Investigations over the past 10 years of a tree-based intercropping
system in southern Ontario have revealed several
beneficial (complementary) biophysical interactions for this
temperate agroforestry system (Thevathasan et al., 2004).
These include improved nutrient inputs, reduced greenhouse
gas (GHG) emissions, greater carbon (C) sequestration, and
enhanced species biodiversity. It is not feasible to explain all
the beneficial interactions observed in southern Ontario studies
in this paper. However, the reader is encouraged to refer to
the paper by Thevathasan et al. (2004) for a detailed review.
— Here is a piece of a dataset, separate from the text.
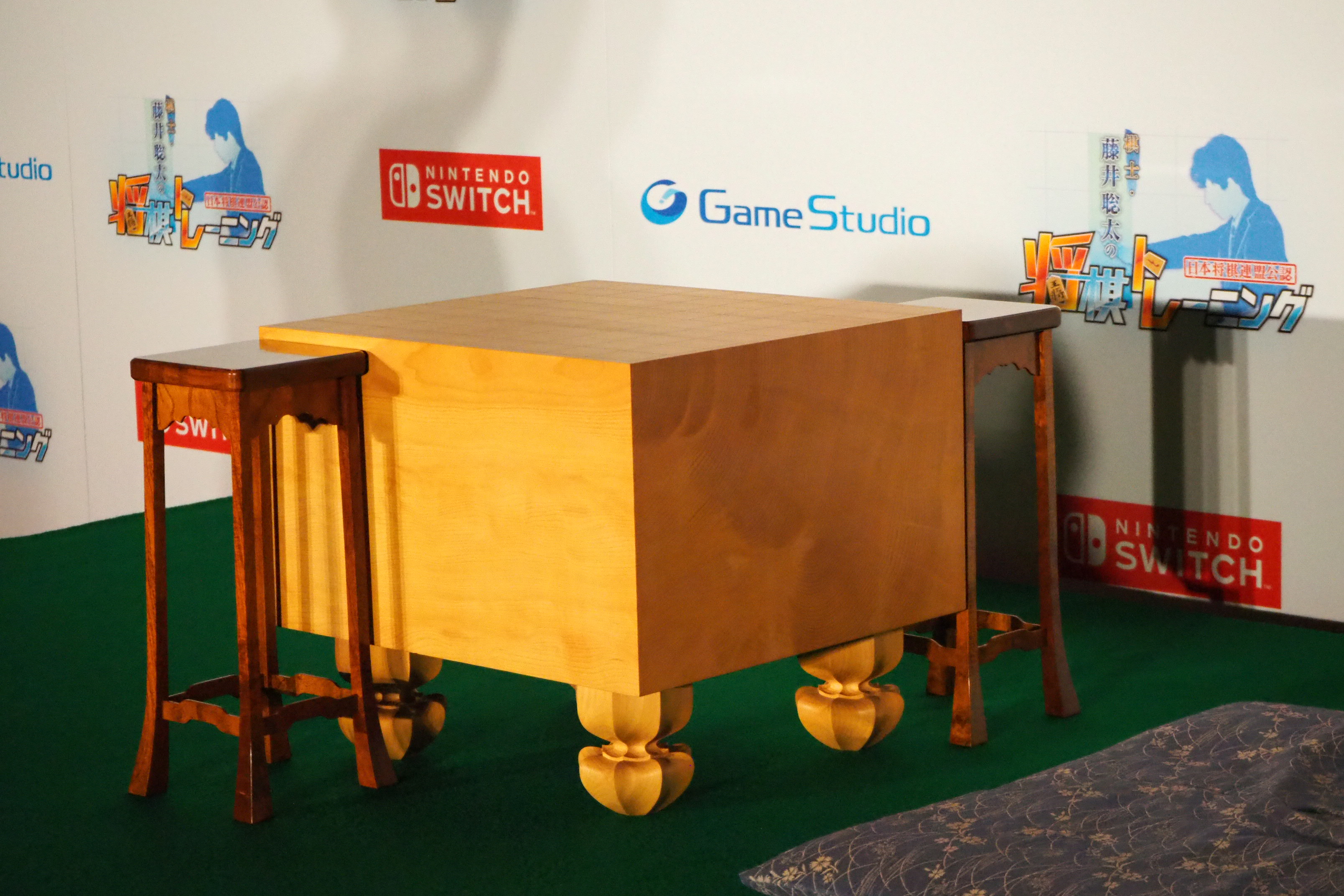 この発表会で使われた将棋盤は、実際の棋戦で使われた由緒あるものだという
This contribution will deal mainly with plant competition
related interactions for these tree-based intercropped
systems. Thevathasan et al. (2004) state “tree-influenced
microclimatic modifications may act in such a way as to
increase the overall productivity of the associated agricultural
crop”. However, they also acknowledge that in certain
tree–crop combinations, the trees chosenmay adversely affect
availability of soil water, available light for crop photosynthesis,
and available nutrients for use by the adjoining agricultural
crop. This paper examines differing tree–crop combinations,
provides advise on which are best for maximizing crop yields,
and offers possible solutions where yields of agricultural crops
are impaired in temperate tree-based intercropping systems,
as primarily influenced by tree shading.
In this study, the agricultural crops chosen were corn (Zea
mays L.), a shade intolerant C4 species, and soybeans (Glycine
max L. Merr.), a shade tolerant C3 species. The two selected
tree species, chosen to compare their shading effects on corn
and soybeans, were hybrid poplar and silver maple. Hybrid
poplars are tall and elliptical (columnar), and onlymoderately
dense with few interior leaves relative to other tree species
used at the site. Therefore, a significant amount of light was
expected to penetrate through the canopy to the under-story
crop, and the elliptical symmetry of the canopy was thought
to block less sunlight penetration to the under-story. This
Euramericana type hybrid (Populus deltoids x nigra DN177) is also
characterized with strong lateral roots near the surface with
secondary roots plunging vertically (Demerritt, 1990), thereby
potentially reducing plant water competition with the intercropped
agricultural crop. Silver maple (Acer sacharrinum L.), by
contrast, has a shorter, broad dense crown with many interior
leaves, which allow very little light to pass directly through
the canopy. This canopy architecture was expected to provide
maximum interception of sunlight, and to result in maximum
shading of the under-story agricultural crop. Silver maple is
also characterized by a shallow, fibrous root system (Gabriel,
1990), which was thought to potentially compete with understory
agricultural crops for water resources.
Therefore, the two major objectives of this study were as
previously stated by Simpson (1999). First, “provided that the
shading does not limit the light levels beyond the threshold
of light saturation, no reduction in net assimilation should
occur”. “Second, if direct competition for soil moisture is limiting
to growth and yield of the under-story crop, empirical
measurements of plant water use should indicate differences
based on relative location and proximity to the tree”.